Riefenstahl helped to plan Hitler’s big party congress in 1934, where she recorded the Triumph of the Will of the mass assembly that paid tribute to the ‘leader’. From Hitler, she had unlimited access to resources and money for this film. This historical event served as the setting for a film that would then appear as an ‘authentic’ documentary. The party congress is «hailed as a saving high point in German history», as Sontag writes. The goal was simply a seductive propaganda to later make way for the use of military force to create the Third Reich. As is well known, Mussolini also had expansion plans…
The immigrants
What about Giorgia Meloni here in Italy: What neo-fascist traits can be found among the trio of Meloni, Berlusconi, and Salvini today? As is well known, Meloni’s slogan is «God, the family, the fatherland» – like Mussolini’s. Her progressive party Fratelli d’Italia was established in 2012 – the name is taken from Italy’s national anthem. A song that sings about waking up, collecting the country – Italy is calling, be ready to die! Meloni also calls for more (‘italian’) births, as Mussolini did. But this does not apply to migrants today – let me also mention that Berlusconi previously suggested almost to ‘cleanse’ the country of immigrants.
Now Meloni has sued the famous journalist Roberto Saviano for defamation as he appeared on TV and explained the inhumane refugee policy of Meloni and Salvini against NGOs and ships trying to help refugees. His rage was caused by the little 6-year-old Joseph who died as doctors didn’t come for help. The ongoing trial could send Saviano to prison for up to three years.
Mussolini openly declared that his regime was totalitarian – will the new leading trio in Italy be able to say that they have no such traits?
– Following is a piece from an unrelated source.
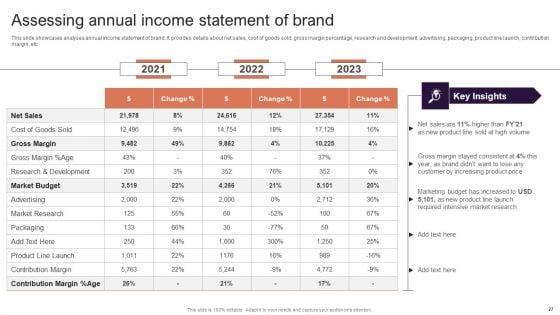Implementing_Brand_Extension_Initiatives_For_Apple_Company_Ppt_PowerPoint_Presentation_Complete_Deck_With_Slides_Slide_27.jpg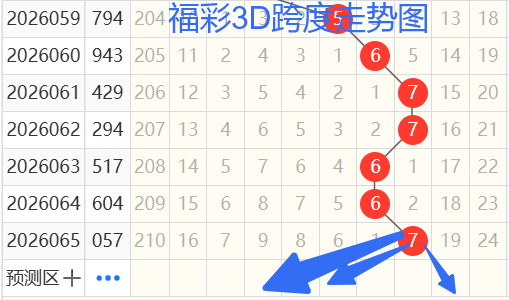 大乐透,期专家推荐,质合分析前,体彩大发彩票网,体育彩票,大发彩票网,足球彩票,篮球彩票,官方网站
Let me remind you of the slogan. God: Meloni is not alone in pointing to the sky when oppressing others. The family: People allow themselves to be somewhat selfishly seduced where they fear that the strangers will take their jobs. And the fatherland: With globalisation’s constantly shifting identities, many seek security in the ‘fixed’ values of tradition – with a desire for a leader, ‘Il Duce’ or ‘Fuhrer’.
According to the writer Timothy Snyder, such more or less fascist such leaders of the past or today can have the following outcome: one-party rule, leadership cult, media control, cult around the empire, conspiracy theories, war of annihilation and genocide.
Nationalism
Will this fascistic traits be back on the scene in Europe? Will more than the ‘former actor’ Zelensky throw ‘innocent’ Ukrainians into the fight for ‘freedom’ against the evil Russian? Where did all the sins that Ukraine bestowed, such as corruption, killings in Donbas, violence and human rights violations, go? A state that recently outlawed Russian as a language and a third of parliament’s pro-Russian parties — in a country where 17 percent are native speakers of Russian? Is this neo-fascist, or is it more and more a copy of today’s Russian totalitarianism – which we also despise?
While people fearfully allocate money for a huge weapon escalation where bombs replaces every form of communication, I will recall what Leo Tolstoy once wrote: «Wrong does not cease to be wrong because the majority share in it.»
The trio of Meloni, Salvini and Berlusconi in Rome will probably become another strong role model for nationalism, a one-dimensionality where the national ‘protecting’ walls are getting higher. Here at. Modern Times Review, we don’t share the attitudes of a ‘war winning game’ in the mass media or the majority at the moment. As Gandhi once wrote: «In matter of conscience, law of majority has no place.»